[Paper] Hierarchical Dataset Selection for High-Quality Data Sharing
Source: arXiv - 2512.10952v1
Overview
Modern machine learning models thrive on large, high‑quality training data, but in practice data lives in many separate repositories—think public datasets, corporate data lakes, or cross‑institutional collaborations. This paper formalizes dataset selection: choosing whole datasets (rather than individual samples) from a heterogeneous pool to maximize downstream performance while respecting budget constraints. The authors introduce DaSH (Dataset Selection via Hierarchies), a method that leverages the natural hierarchy of data sources (e.g., collections, institutions) to make smarter, faster selection decisions.
Key Contributions
- Task definition: Formalizes “dataset selection” as a distinct problem from traditional sample‑level data selection, emphasizing the importance of source‑level relevance.
- DaSH algorithm: Proposes a hierarchical utility model that simultaneously evaluates individual datasets and their parent groups, enabling efficient generalization from a few observations.
- Empirical gains: Demonstrates up to 26.2 % higher accuracy on two multi‑domain benchmarks (Digit‑Five, DomainNet) compared with state‑of‑the‑art data selection baselines.
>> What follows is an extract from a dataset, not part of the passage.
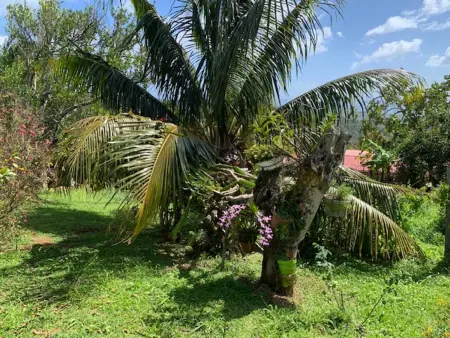 Appartement avec terrasse et jardin privés à Rivière-Salée, Martinique : photo 20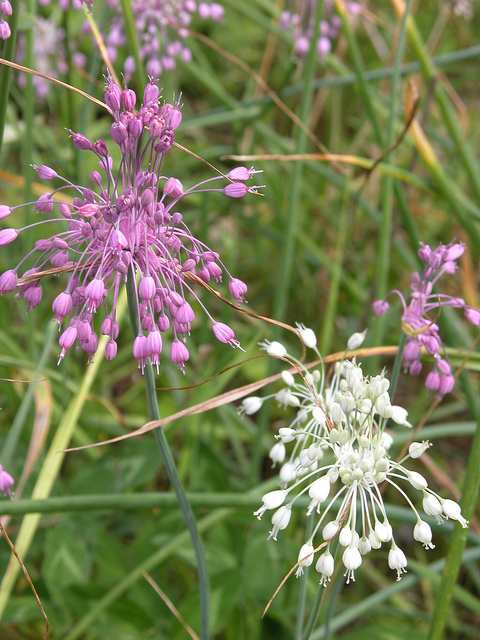 Ail à pétales carénés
- Sample‑efficient exploration: Shows DaSH needs far fewer exploration steps to converge on a high‑utility subset, cutting down computational and labeling costs.
- Robustness analysis: Provides ablations confirming DaSH works well even when relevant datasets are scarce or resources are extremely limited.
Methodology
- Problem setup – Assume a large pool of datasets, each belonging to a higher‑level group (e.g., a university, a public repository). The goal is to pick a subset of datasets under a fixed budget (e.g., total number of samples, compute time).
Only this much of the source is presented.